Pop-updichter Sjaak Kroes schrijft op straat
Sjaak Kroes dicht op straat en droomt van Las Vegas, maar ook van een eigen huis. Hoe valt dat allemaal met elkaar te rijmen?
Je herkent hem aan zijn bakfiets en hippe toetsenbord, maar pop-updichter Sjaak Kroes wordt liever geroemd om zijn poëzie. Hij schrijft voor vreemden, op straat, in de duinen of tijdens evenementen. Het liefst belicht hij de bijzondere, alledaagse dingen. Het loopt niet altijd storm. Soms kan het uren of zelfs dagen duren voordat iemand op het stoeltje voor hem plaatsneemt. Toch wordt Kroes na tweeënhalfjaar op straat steeds vaker herkend en beginnen de aanvragen langzaam binnen te stromen. Zijn attributen, de bakfiets en het toetsenbord, mond-tot-mondreclame en de stijgende media-aandacht komen daarbij goed van pas.
Pop-updichter
Gedurende het interview in de Frederik Hendrikstraat wordt de pop-updichter meerdere malen begroet. “Dit is een goede locatie voor mij,” zegt Kroes. “Het is hier lekker lokaal. Het allerliefst zit ik in de duinen, maar daar komen gewoon minder mensen. Op straat leer je veel mensen kennen.
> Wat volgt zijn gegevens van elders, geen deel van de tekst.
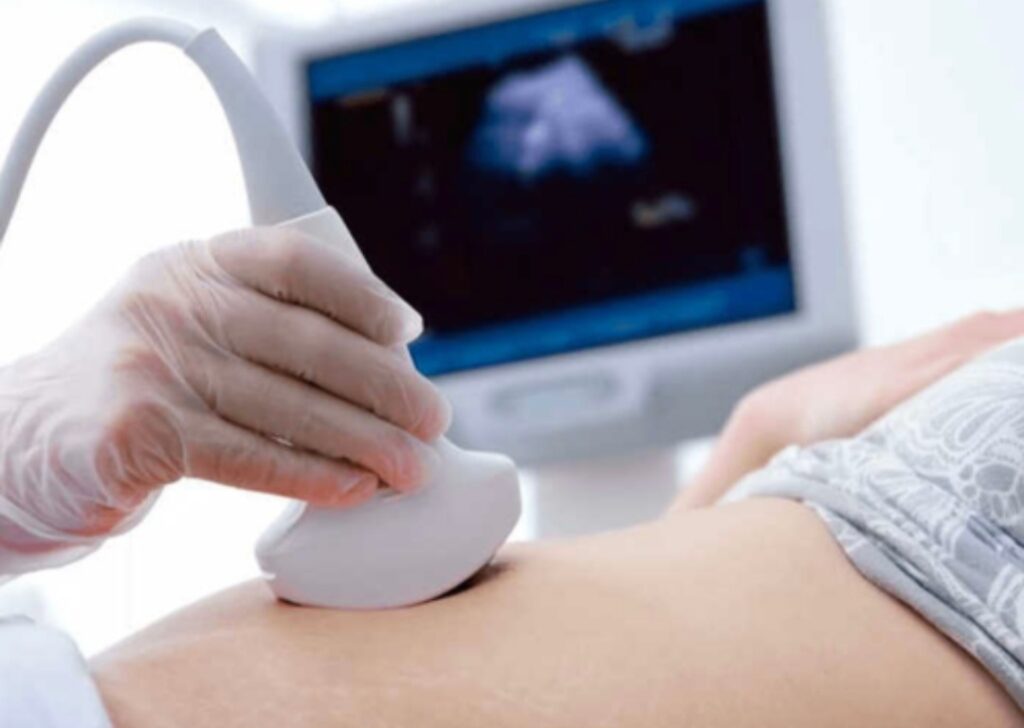 Sonography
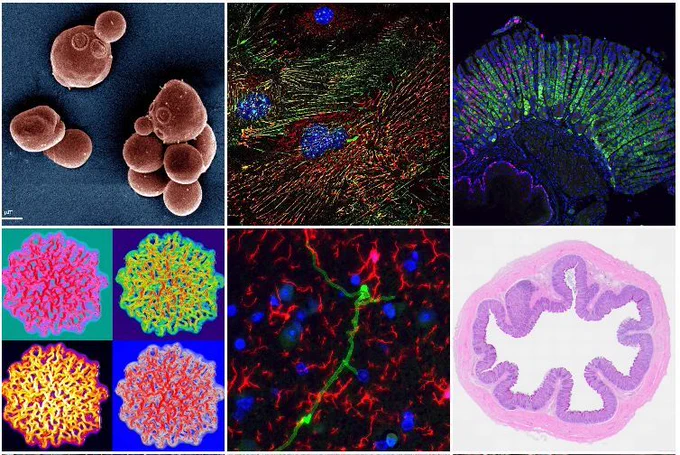 6 microscopy images including spherical yeast cells, astrocyte cells in the mouse brain, microvascular endothelial cells,  the fungi Candida parapsilosis,   Candida albicans an chicken caeca.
Je hebt onderonsjes, dat is leuk.” Na jarenlang in callcenters gewerkt te hebben, begon het hem steeds meer te dagen: hij wilde en moest iets doen met zijn creativiteit. Op een dag is hij gewoon begonnen in de Paleistuin: “De eerste drie dagen kwam er niemand naar me toe. Toen de kop er eenmaal af was, ging het steeds beter.”
Gedicht
Het schelpenpad
Is door iemand anders
meegenomen
In het helmgras liggen we besloten
De waterwinning wordt niet
geschept door het reuzenrad
Onze shirtjes hangen
te drogen
In de middagzon
Sjaak Kroes
Wanneer iemand aanschuift, probeert Sjaak Kroes, ‘de woordenwisselaar’, erachter te komen wat er speelt in het leven van de ander. Het liefst duikt hij tijdens zo’n gesprek de diepte in. Een studie psychologie, die hij niet afmaakte, komt daarbij goed van pas. “Daar zit ook een spanningsveld, want wat wil de ander aan mij kwijt? Hoe meer input ik krijg, hoe beter het gedicht vaak wordt.” De mensen die aanschuiven, zijn vaak zelfbewuste types volgens Kroes. Ze komen niet per se naar hem toe omdat ze fan zijn van poëzie. “Vaak vinden ze het leuk wat ik doe, zo in de openbare ruimte, of ze zoeken een persoonlijk cadeau voor iemand anders. Je moet een beetje lef hebben om hier te gaan zitten, anders voel je de ogen van de mensen om je heen te veel.”
Rijm
Het liefst koppelt hij zijn poëzie aan een emotie. “Iedereen bekijkt de wereld op een andere manier. Als de persoon tegenover me dat beeld kan overbrengen, dan wordt het een goed gedicht. Dat maakt elk gedicht ook anders.” Het valt op dat het werk van Kroes vaak niet rijmt. “Dat is juist het leuke,” vindt hij. “Bij een rijmend gedicht mis je altijd wel een woord, en dan moet je een woord gebruiken dat net niet past. Ik gebruik wel rijm, maar houd me niet aan een bepaald schema. Ik maak graag gebruik van een binnenrijm, of van de herhaling van letters. Denk maar eens aan: ‘Leentje leerde Lotje lopen…’ Dat is ook een rijm, een ritme. Verder houd ik van eenvoudige beelden waar het kleine heel erg centraal staat. In het gedicht hiernaast komt het kleine heel erg uit. Zelf het schelpenpad is erin meegenomen, er is helemaal niks. Alleen jij en ik, en onze shirts die hangen te drogen in de middagzon. De kleine dingen in het leven, daar schrijf ik het liefst over.”
Straatartiest
Kroes werkt nu aan een bundel, waarin hij naar eigen zeggen meer van zijn eigen ‘lieflijke’ gedichten kwijt wilt. Dromen heeft hij genoeg: naar het buitenland, Las Vegas, misschien wel een rol in ‘All You Need Is Love’. Maar de grootste droom van deze straatartiest? “Een huis kopen. Een plek voor mezelf. Ook dat is vrijheid.”